Anche le caratteristiche fisiche della superficie dei frutti contribuiscono a rendere propensa una certa cultivar di melo o meno un’altra, ad esempio bucce più o meno idrofile/idrofobiche. Inoltre, alcune varietà hanno la buccia con maggiori ruvidità, misurabile con il microscopio elettronico per definire dei parametri che definiscono le cultivar. Infine, sono stati condotti varie prove per cercare di rallentare lo sviluppo di fumaggini diminuendo l’umidità in cella dal 98% fino al 86% (+/- 3% di errore ad alte UR e bassa T) con deumidificazione, ventilazione o controllo temperatura di uscita dell’aria dagli evaporatori. Tale livello di umidità risulta efficace però abbiamo fino ad un 5% di calo peso, cioè un +60% di perdita di acqua, ed un effetto solamente temporaneo fino a 5 mesi. Infine, negli impianti moderni è molto complicato ridurre a tal punto l’umidità nelle celle frigorifere.
In sintesi, si possono riassumere alcune variabili da attenzionare maggiormente come di seguito:
- Importanza del substrato nutritivo per il fungo sulla buccia della mela
- Ubicazione e areazione del frutteto e caratteristiche cultivar
- Difesa fitosanitaria
- Epoca di raccolta e durata conservazione
- Spazzolatura in postraccolta
- Trattamenti e gestione postraccolta (es. ozono, acqua calda, umidità, temperatura)

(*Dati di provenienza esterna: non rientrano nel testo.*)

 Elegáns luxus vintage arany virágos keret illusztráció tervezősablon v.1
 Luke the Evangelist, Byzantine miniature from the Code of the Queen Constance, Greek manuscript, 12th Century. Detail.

Infine, al termine della visita guidata presso il magazzino sperimentale, si è discusso sulla possibilità di collaborazione tra le aziende in Emilia-Romagna e il Centro Sperimentale di Laimburg per studiare la variabilità microbiologica in diversi siti di provenienza della frutta, per effettuare trattamenti in campo, confrontare le pratiche colturali e gestione postraccolta. In particolare, si vorrà testare anche in Regione ER l’utilizzo di Ulmasud e registrare diversi aspetti in comune o diversi delle pratiche nei due ambienti di pianura o montagna tra i quali: uso prodotti fitosanitari, concimazioni, tipologia irrigazioni, rugosità buccia delle diverse partire. Infine, si segnala la possibilità di svolgere trattamenti presso Laimburg con prodotti naturali, acqua calda e ozono (collaborazione ditta MET).